- _Recorded data_
•••••

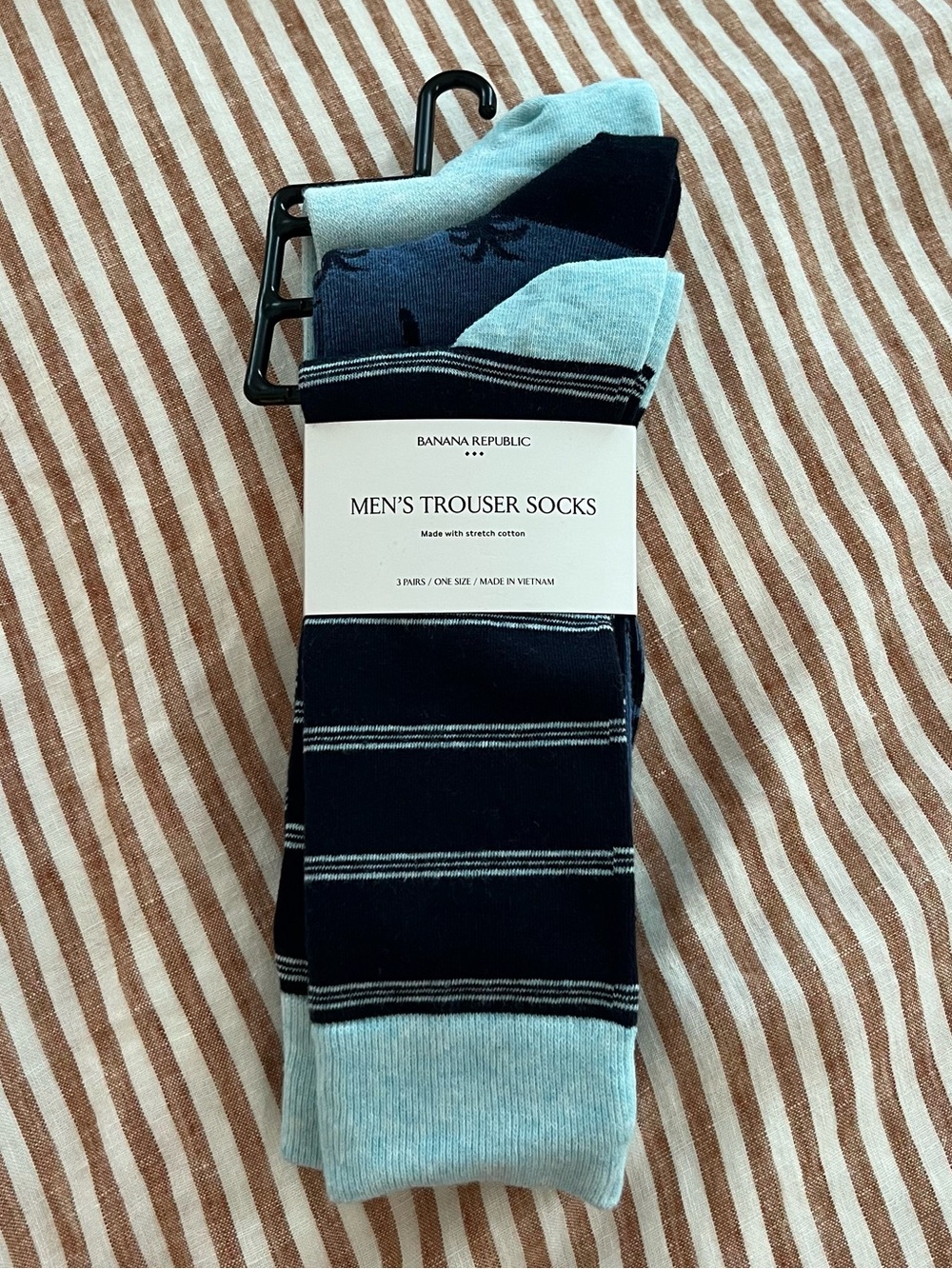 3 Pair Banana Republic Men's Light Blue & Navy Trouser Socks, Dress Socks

•••••

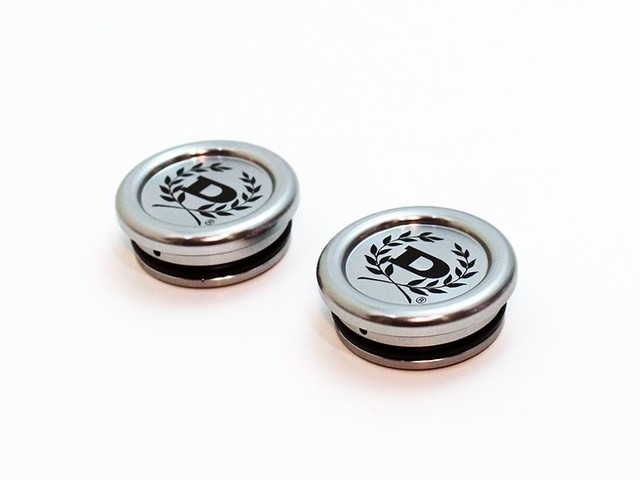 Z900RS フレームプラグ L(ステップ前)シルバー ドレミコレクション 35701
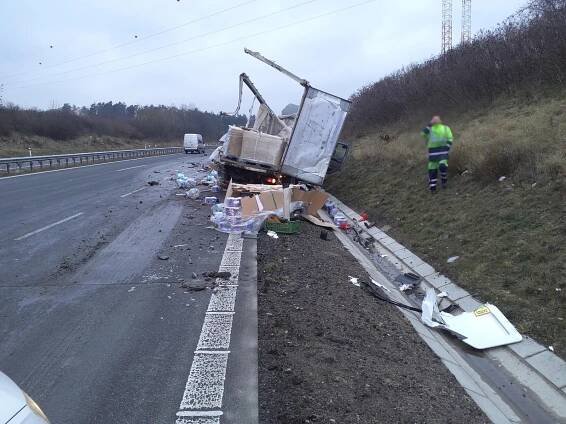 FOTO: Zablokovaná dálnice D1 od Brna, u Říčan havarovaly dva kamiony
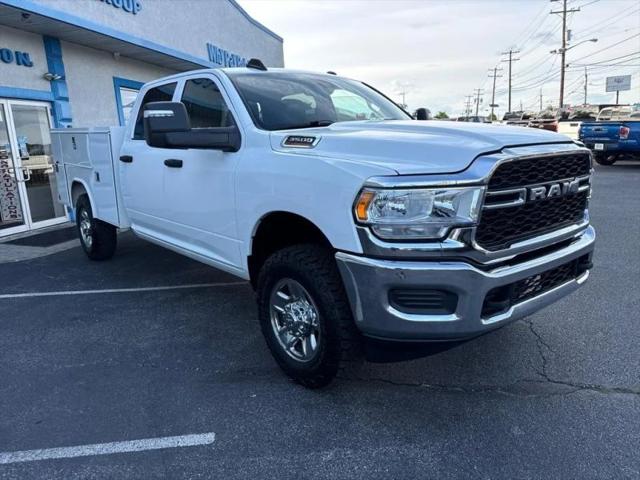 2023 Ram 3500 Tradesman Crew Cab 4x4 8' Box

•••••

- _What is required_
In the listing above, find the line containing "FOTO: Zablokovaná dálnice" and the line containing "2023 Ram 3500 Tradesman Crew Cab 4x4 8' Box", then write out both of them and every line between, exactly, with no pictures.

- _Your response_
 FOTO: Zablokovaná dálnice D1 od Brna, u Říčan havarovaly dva kamiony
 2023 Ram 3500 Tradesman Crew Cab 4x4 8' Box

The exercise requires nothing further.